Spawning many spin-offs, including Michael Flatley’s Lord of the Dance, the Riverdance spectacle reels and slip-jigs on, with its rescheduled 25th Anniversary Show available to see in the UK later this year and in the US next year.

The Irish dancing scene has never been as big, nor as global, and now it is also alight with a new crop of young people who are juxtaposing the traditional poses and intricate footwork with the pop hits of the moment – and it’s all going viral online.

Last year Morgan Bullock from Richmond, Virginia, was one of the first to demonstrate just how thrilling Irish dance moves can be when matched up with mainstream music.

The 21 year-old captured a wave of international attention after her dance routine to the ‘Savage’ remix by Megan Thee Stallion (feat. Beyoncé) went viral on TikTok.

TikTok has also made stars out of a group of seven lads from the west of Ireland, who have had incomparable success with their take on viral dance trends.

Cairde, which means ‘friends’ in Irish, have been rivals in dance competitions since they were kids. The group fuses jazz dancing, tap and even hip hop with Irish dancing to take the traditional genre to a whole new level.
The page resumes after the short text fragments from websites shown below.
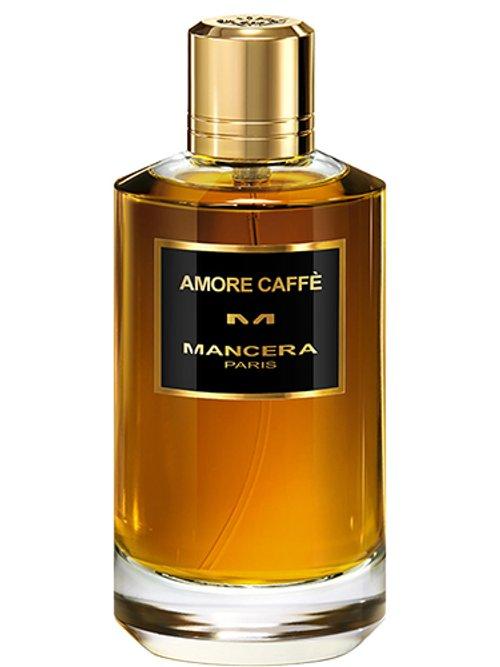Amore Caffè — Mancera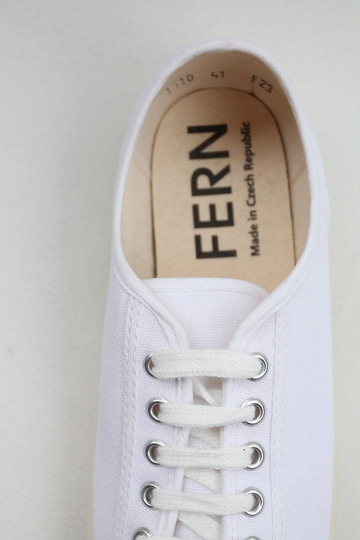 Fern Shoe Lace Model WHITE (5)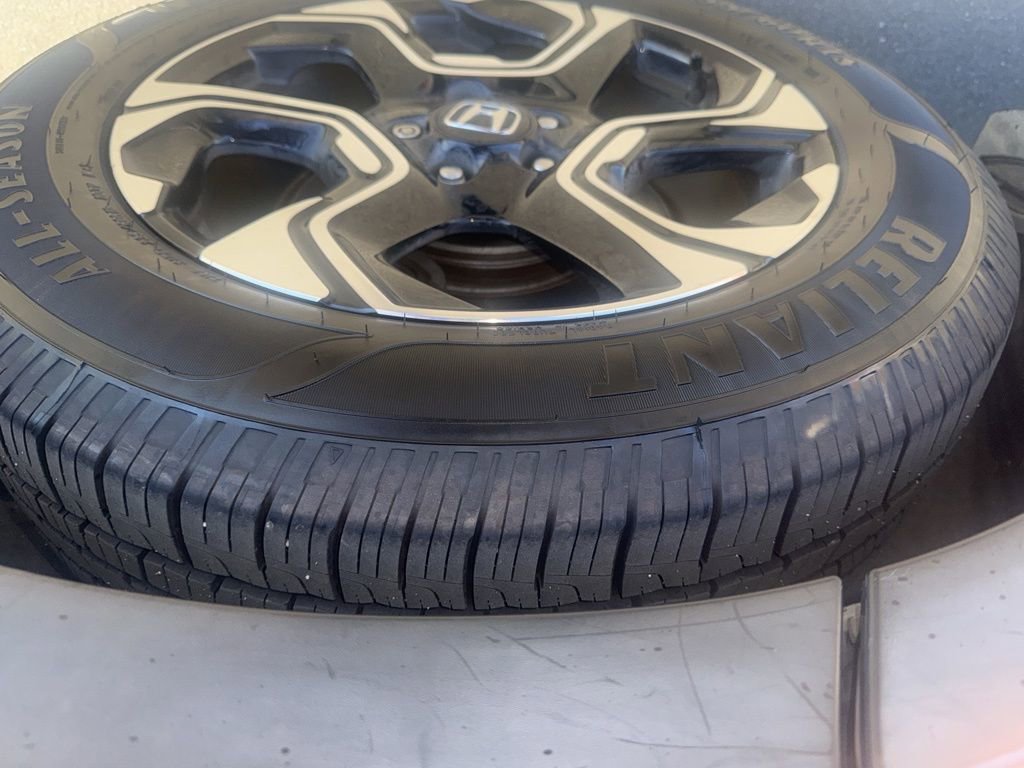 Used 2017 Honda CR-V Touring image 15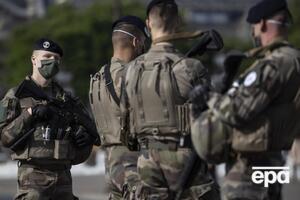 Французские военнослужащие с 2014 года проводят антитеррористические рейды в Северной Африке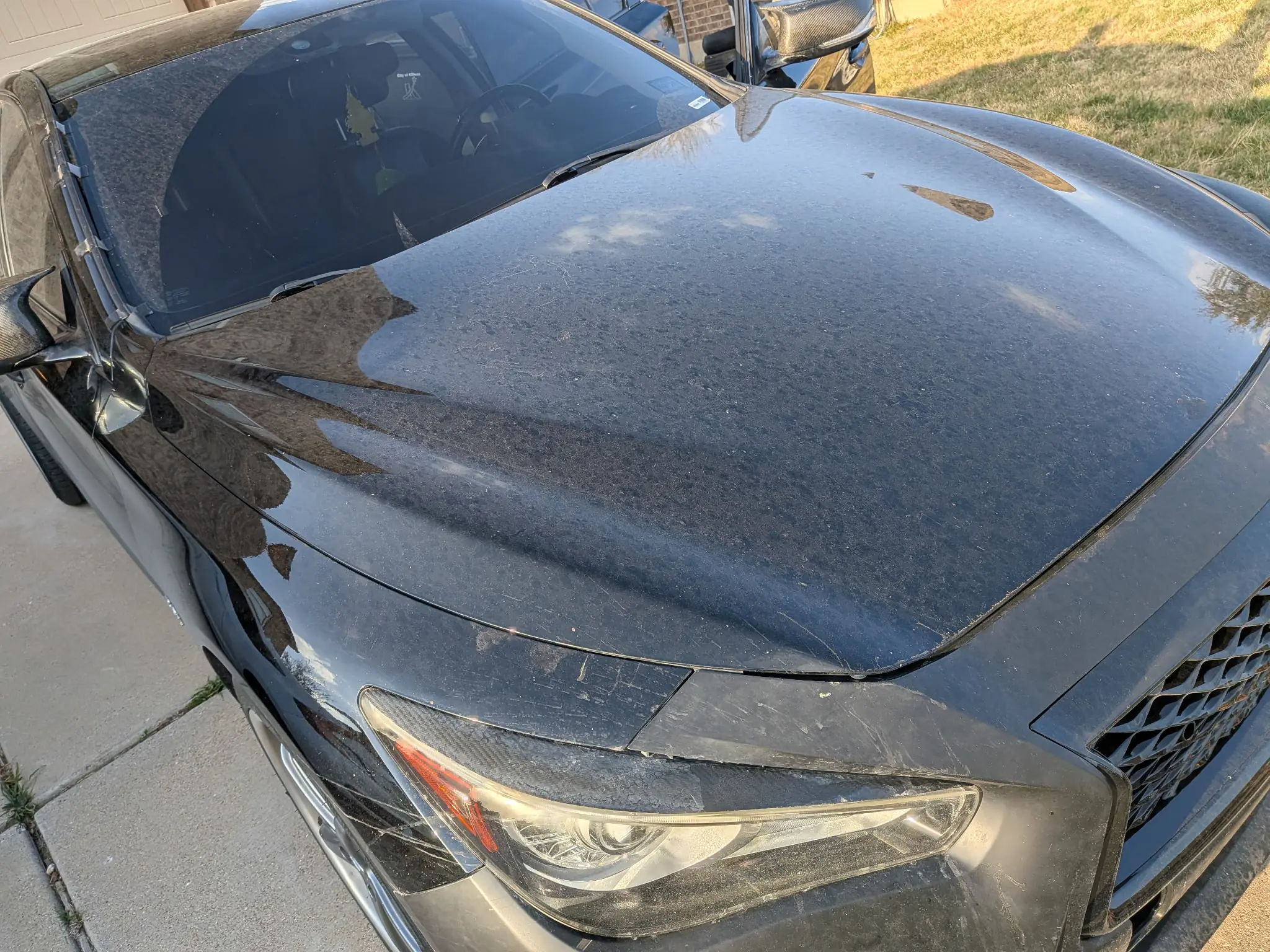 EuphoricShine Mobile Detailing in Belton, TX (3)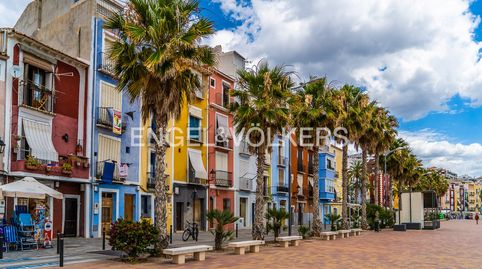 Foto 5 de Residencial en venda a El Secanet - Hacienda del Sol, Villajoyosa / La Vila Joiosa
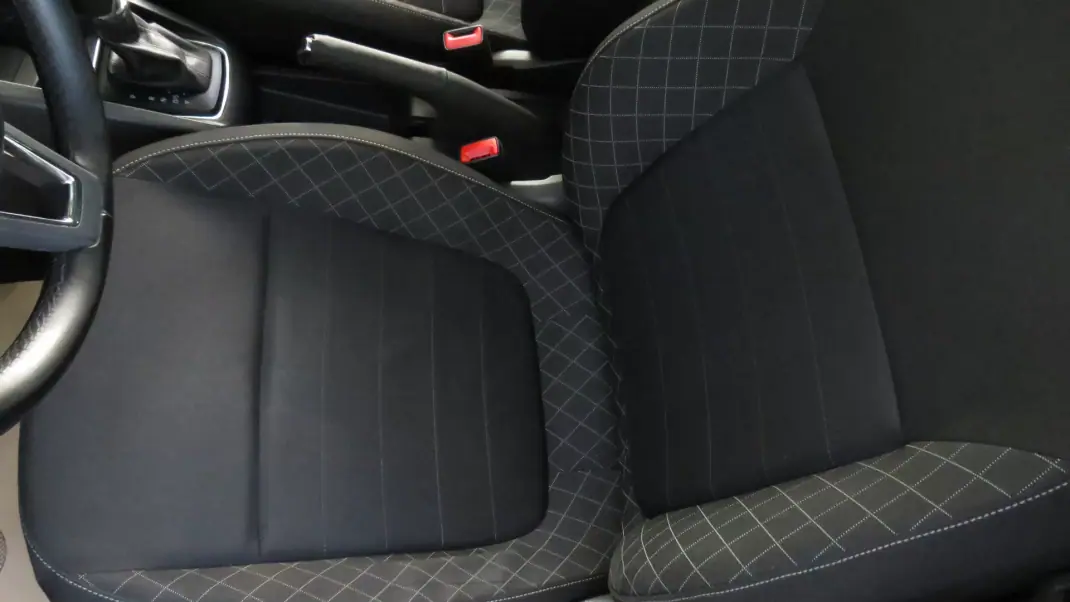Skoda Fabia Break 2015 - 11800 EUR, 116000 km - 116000km - foto 27 de 29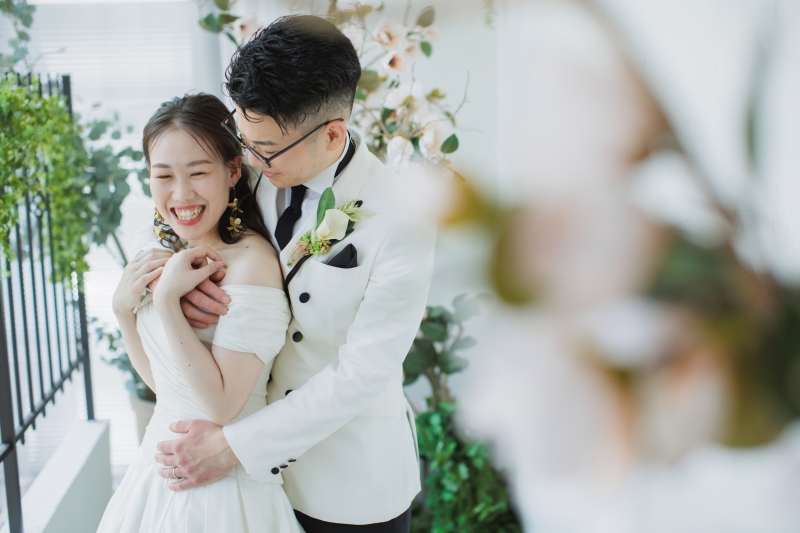 オシャレなハウススタジオ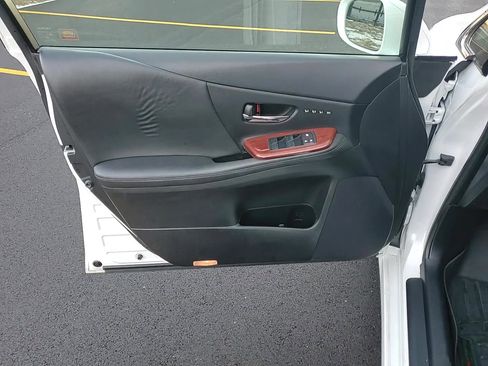 Used 2011 Lexus HS 250h Premium image 12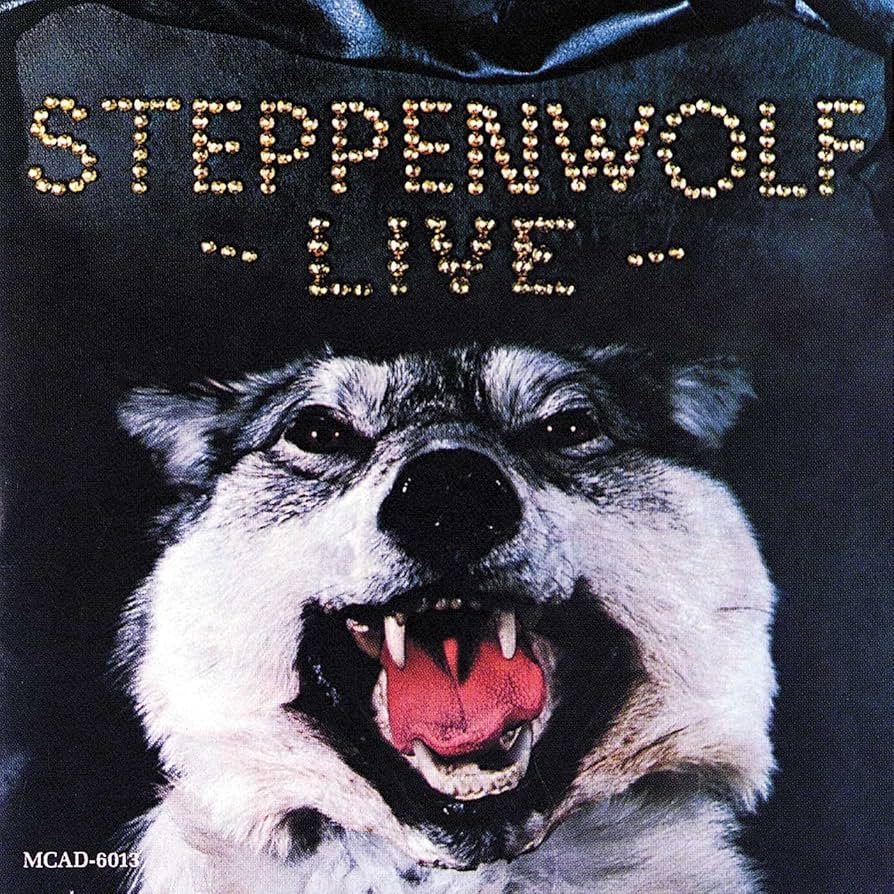 【中古】 Live at 25 Greatest Hits ジョン・ケイ ステッペンウルフ John Kay & Steppenwolf – Live At 25 – 2 x CD (Album), 1995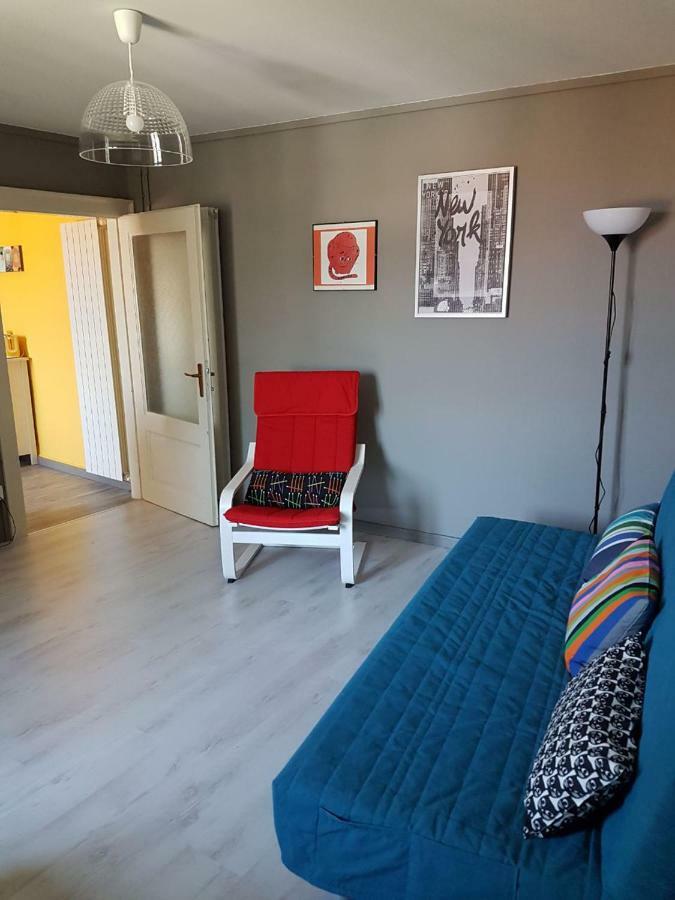 Casa Muffin Apartment Cannobio Luaran gambar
They started uploading videos to TikTok during the pandemic for a laugh, soon becoming viral sensations and garnering tens of millions views and an army of followers along the way.

The group’s boy-band charm was on display throughout their performance of Bad Guy by Billie Eilish, which took place at the famous Cliffs of Moher on St Patrick’s Day this year – it was even beamed live into the UK talk show ‘This Morning’ as well as ‘Good Morning America’.

Now Cairde are formulating plans for a world tour in 2022, and with many other projects in the pipeline and their global popularity continuing to rise, the future is bright for the group of friends and college students.

Other Irish dancers repurposing traditional steps to fit modern beats and songs are the Gardiner brothers, Michael and Matthew.

US-born but now living in Galway, they created Irish dancing history in 2015 by winning their respective world titles as brothers in the same year in Montreal. They also have over 50 major championship titles between them and have performed all over the world in Riverdance.

Thanks to their Irish-dance routines set to contemporary and traditional music, the Gardiner Brothers now have a huge following on Instagram and more than 530,000 followers on TikTok.

And with even more great things to see online, it all means Irish dancing has never been as widespread, as popular, and in front of a generation that had never even heard of it before.

While the digital space has been a boon for developing and sharing Irish dancing during the pandemic, when it is safe to travel again you can’t beat seeing some hard shoe action live, whether it’s a theatre show, a dinner and dancing show, an organised event or even a spontaneous dancing display in a pub.

One of best places to see Irish dancing is at Ireland’s National Folk Theatre, Siamsa Tíre. Located in Tralee, County Kerry, it has a long history of contributing to and preserving traditional Irish dance, as well as encouraging cultural exploration through dance workshops and special events. It recently  launched a series of on-demand and live dancing workshops designed to share the captivating Munnix style of Irish dancing, which has survived since the 1700s, with fans across the world.

In Belfast, The Points Whiskey and Alehouse and the Belfast Trad Music Trail offer strong experiences of Irish dancing in the city, while in Dublin places like the Irish House Party will also let you see traditional music and dancing at its very best.

With older people still interested in connecting with their Irish heritage through dance, and younger people impressed by the unique blend of traditional dance and modern music, it seems Irish dancing still has many steps to take on its ever-evolving journey.